Salt and Sugar Cravings: What you can do to control them

When was the last time you craved something sweet?  How about salty?  Trying to stay good all the time certainly comes with its own downfalls, and cravings can be especially strong when you are restricting certain things from your diet.  So while you may be convinced that your body actually needs something because you are craving it, that may not be the case at all.  This week’s blog is about curbing those cravings with healthy choices.

Why do we crave salt?

There is salt in everything.  We get so used to having a lot of salt in our diet that when we cut back we go into a salt-shock.  We also may crave salt if we feel exhausted or stressed or if our bodies are craving natural salt minerals that you don’t normally see in table salt. High blood pressure and diabetes have even been linked to cravings for salt.
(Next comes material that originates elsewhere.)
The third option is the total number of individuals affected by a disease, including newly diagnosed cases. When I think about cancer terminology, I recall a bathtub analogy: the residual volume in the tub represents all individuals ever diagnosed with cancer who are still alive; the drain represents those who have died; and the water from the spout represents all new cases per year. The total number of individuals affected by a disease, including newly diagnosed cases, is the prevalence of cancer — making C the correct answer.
How to curb salt cravings?

If you are craving salt because you are now going through salt-withdrawals then cutting back slowly may be the answer.  Using herbs and spices to flavor your food as substitutions may be the best thing for you to do in your situation.

Try the low-salt versions obviously, and make sure to read your labels.  The recommended amount of salt per day is 2500 mg a day.  This may seem like a lot but it adds up fast.
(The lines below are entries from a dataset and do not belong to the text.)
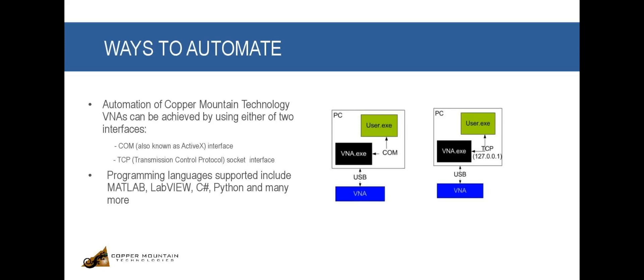Automation is possible using LabVIEW, MATLAB, Python, C-Sharp, and many other software languages.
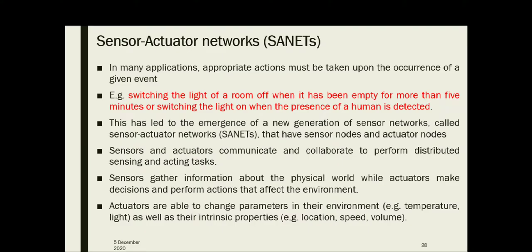Hello everyone, welcome back to Distributed Generation and Smart Grid Lecture Series. In this video, we are going to discuss about SANETs, or Sensor Actuator Networks.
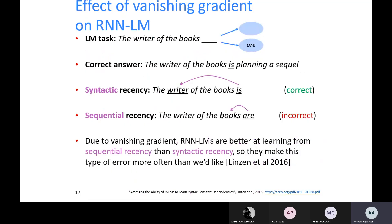This leads to syntactic recency vs. sequential recency. For example: 'the writer of the books is/are' — because 'books' is plural and more recent, the model considers it more significant than 'writer' and predicts 'are' rather than 'is'. The significance of words far back in the sentence is lost, so the model relies on the most recent words.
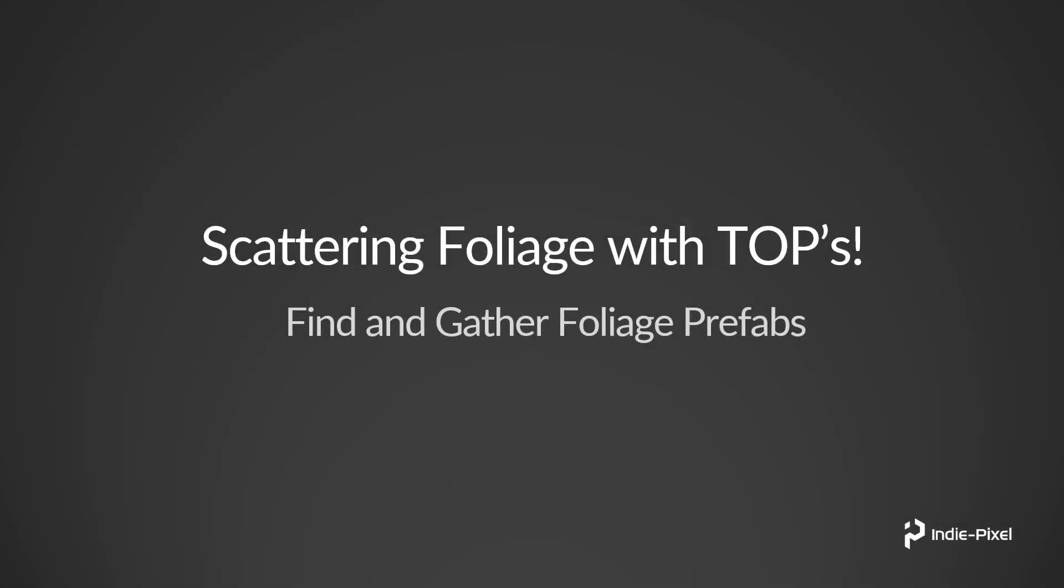The first step in this process to gather all of our foliage prefabs is to set up a couple of file pattern nodes inside of our top network. Then we want to merge them all together and put them into a single partition so we can work on all the files at once. Let's take a look at how that is done inside of Houdini.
If you are craving salt because you are stressed or exhausted you it may be that you are low in vitamin C and potassium.

Vitamin C foods to load up on include tomatoes, peppers, potatoes, kiwi, and broccoli.

Potassium-rich foods include bananas, avacados, orange juice, salmon, broccoli and spinach.

Why do we crave sugar?

It’s 3:00 again and a piece of candy is just the thing we need to get over our little hump to make it through the extra mile at work.  This low blood-sugar reaction may be due to a decrease in serotonin in our bodies.  If you are on a low-fat and high carb diet, you may feel these affects even more.  Your body signals to your brain that you need more glucose and this causes a craving for sugar.

How to curb sugar cravings

By simply eating a variety of food to keep your blood glucose stable you will be able to curb your sugar cravings.  A well-balanced diet of protein, fiber, complex carbs, and fat will allow insulin to store energy properly and glucagon to distribute glucose in your blood stream.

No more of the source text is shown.